A natureza e as consequências deste “código” social conduzem especialistas e líderes a advogarem a criação de culturas organizacionais fortes que, alegadamente, conduzem a superior desempenho organizacional. Mas importa ser cauto. A força de uma cultura não é, por si só, um indicador da valia dessa cultura. A cultura pode ser forte e, simultaneamente, perversa ou destrutiva. Muitos escândalos empresariais têm ocorrido em culturas organizacionais fortes. Para refletir sobre essa matéria, pense na sua organização. Como responderia às seguintes questões?
- As pessoas atuam frequentemente de modo sigiloso?
- Há desigualdade significativa de poder e status entre os níveis hierárquicos?
- São conhecidos casos de aumentos salariais e promoções em troca de favores sexuais?
- As pessoas recorrem à bajulação para ascender na carreira?
- Comportamentos manipuladores e egoístas são recompensados com aumentos salariais e promoções?
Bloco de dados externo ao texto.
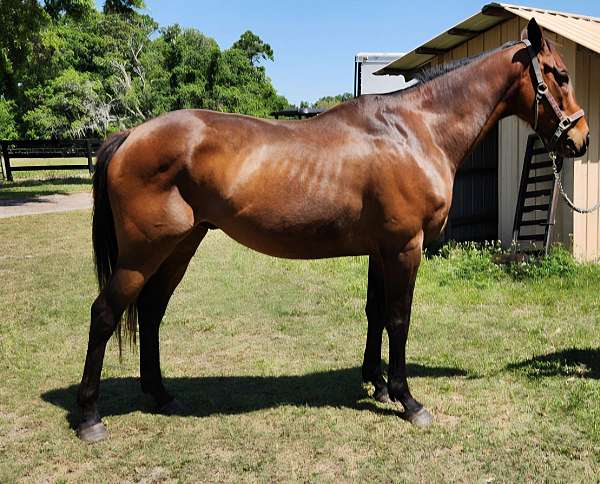 all-around-thoroughbred-horse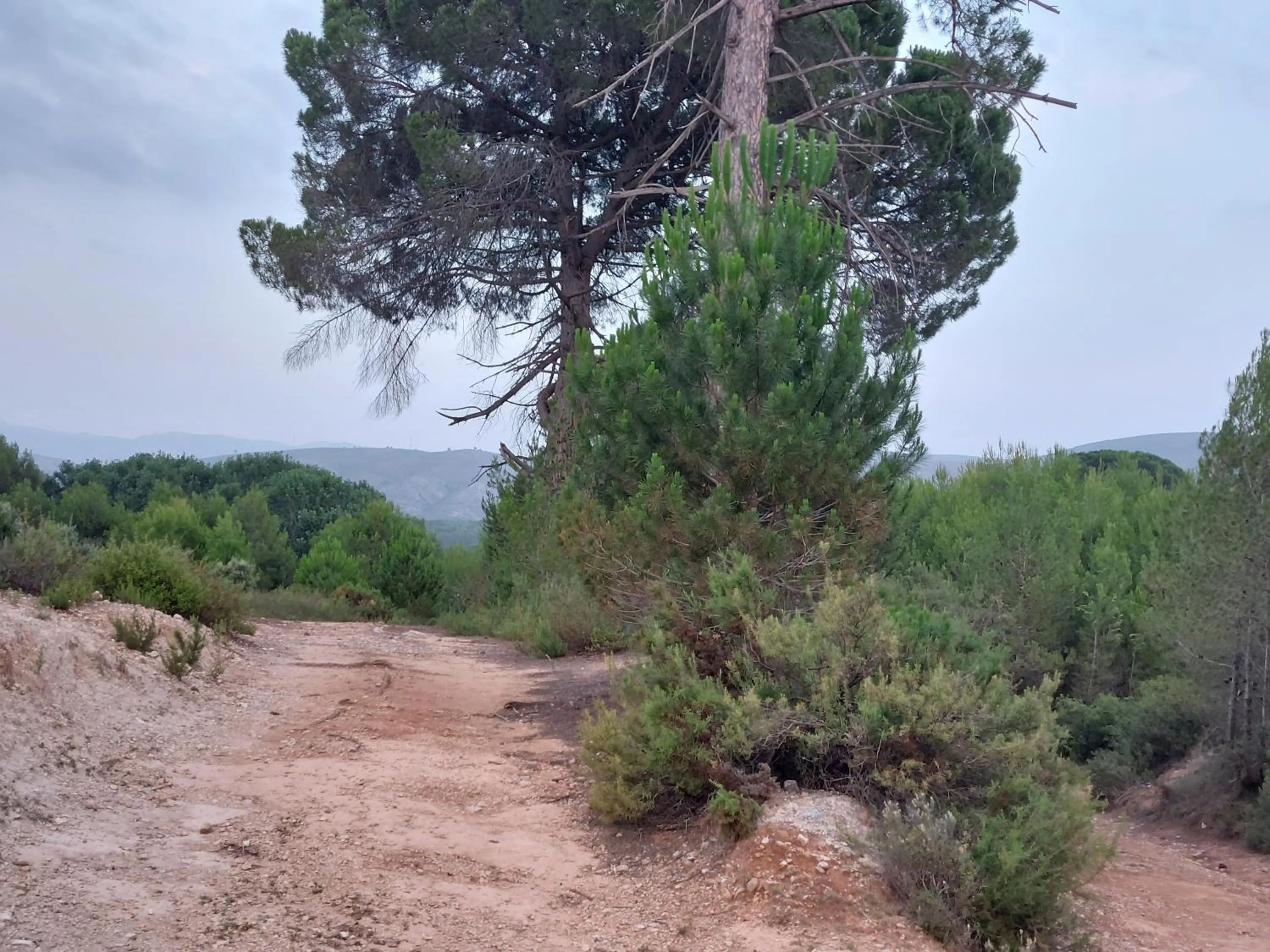 Natural landscape in B&B Casa Josa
- A reputação dos membros organizacionais depende, acima de tudo, da sua riqueza material?
- Piadas de cunho sexual são consideradas aceitáveis?
- Os gestores desvalorizam a honestidade e a integridade?
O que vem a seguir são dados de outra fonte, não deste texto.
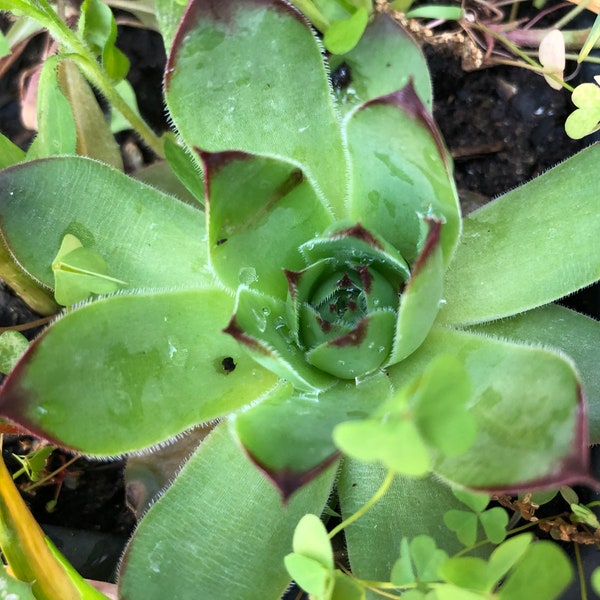 LIVE Rooted Chicks x 3~ Bareroot~  Sempervivum Tectorum "Hens & Chicks"*Houseleek* Succulent Plant~ Medicinal *Cold Hardy Indoor/Outdoor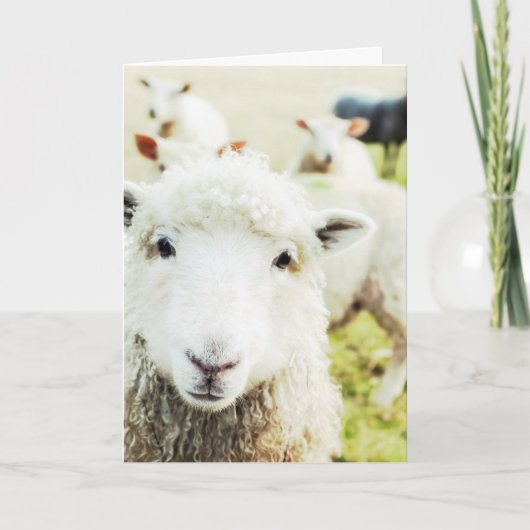 Ewe Cutie Sheep Lamb Land Animal Blank Notecard Kaart (Voorkant)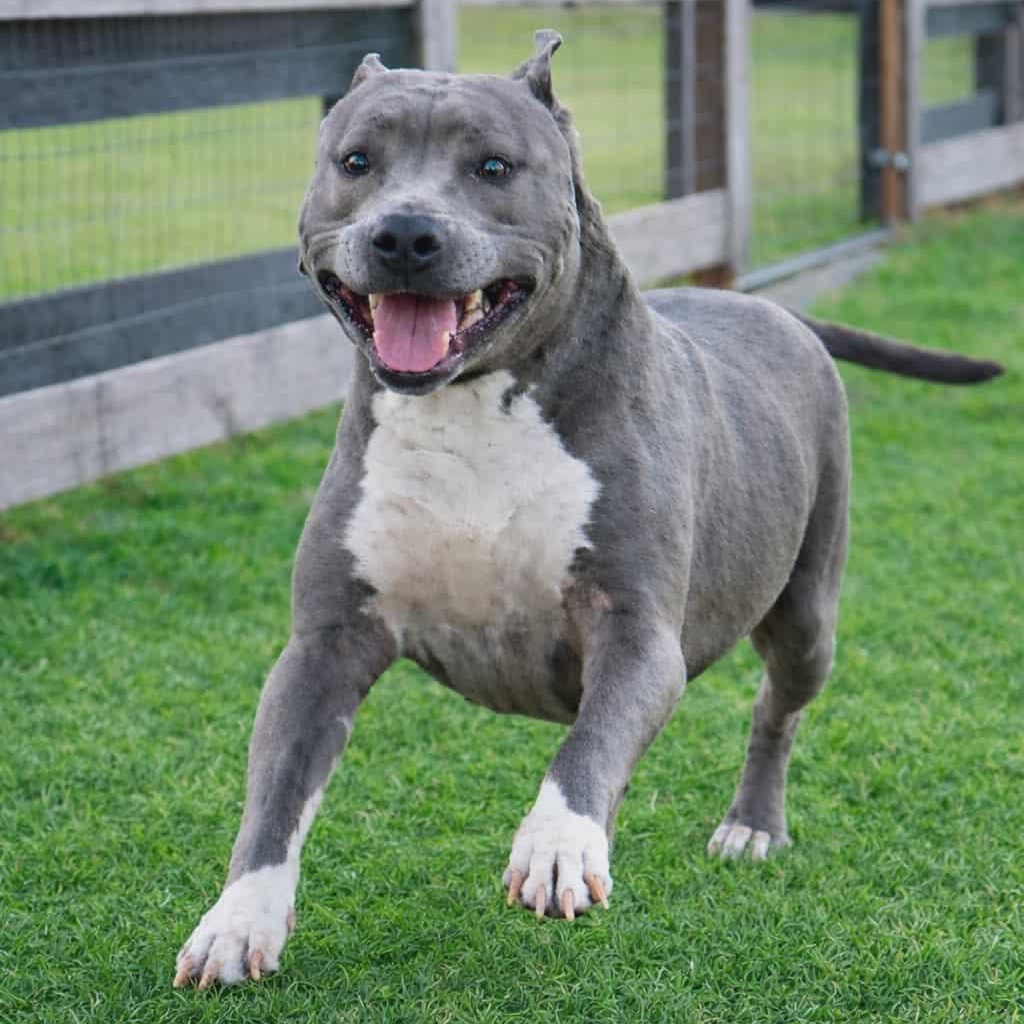 PRINCESSA, Adoptable, Adult Female American Staffordshire Terrier.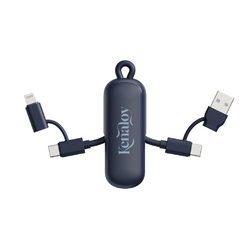 Câble 100W porte-clés 4-en-1 Urban Vitamin Dublin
- São aceitáveis condutas antiéticas – desde que conduzam a resultados?
- Existe a crença de que o dinheiro pode comprar tudo?
Se respondeu “sim” à maioria dessas perguntas (espero que não!), é muito provável que esteja a trabalhar numa organização tóxica marcada por vários elementos: tolerância à má conduta sexual e ao assédio moral, desequilíbrios acentuados de poder, rivalidade interna, desrespeito pelas normas éticas, resistência à partilha de informação e conhecimento, e expansão agressiva do negócio impulsionada pela prevalência de incentivos monetários como mecanismos de motivação. Organizações marcadas pelo medo de “abrir o bico” e comunicar a verdade ao poder, por uma forte e cega deferência à autoridade, e por uma orientação para resultados a qualquer preço podem ser bem-sucedidas durante algum tempo. Atraem e recrutam quem alinha com essa dinâmica – ao mesmo tempo que afastam “ovelhas negras” que não atuam à luz da cartilha tóxica. Estas organizações podem transformar-se em casos de sucesso e permitir aos seus líderes granjear grande popularidade mediática. Mas, a prazo, estas dinâmicas destrutivas podem conduzir ao descalabro. Com o decurso do tempo, lideranças tóxicas ficam rodeadas por sicofantas, acólitos, oportunistas ou meros espetadores passivos. O discernimento para fazer juízos éticos e morais desaparece.
Eis um caso. Era uma diretora de nível intermédio, em início de carreira, na área de marketing. Cansada de assistir ao bullying que o seu diretor exercia sobre si e outras pessoas, decidiu abandonar a empresa. Foi convidada pelo departamento de RH para a célebre “entrevista de saída”. Aí deu conta das suas observações e das experiências com o referido diretor. Foi surpreendida com o pedido para “formalizar uma denúncia” – como se não estivesse a fazê-lo naquele preciso momento. Os RH, há muito conhecedores do caso, estavam manietados e nunca haviam tomado qualquer iniciativa que cortasse o mal pela raiz. A podridão era, pois, antiga e bem conhecida. Mas o medo havia-se instalado e contaminado mesmo os setores da organização a quem cabia prevenir e corrigir tais disfunções. Pouco antes de abandonar o lugar, a diretora reuniu com o diretor em causa e expôs os motivos da sua decisão. O diretor desfez-se em lágrimas – literalmente.
Se, ao ler esta cena, desenvolveu alguma empatia por este diretor, agora em “sofrimento”, está a cair nas malhas manipuladoras destas figuras sombrias. Sofrem pelo mal que lhes é causado na sua reputação, na sua ascensão a posições de poder – não pelo sofrimento que causam às suas vítimas. Podem prosperar… em culturas fortes!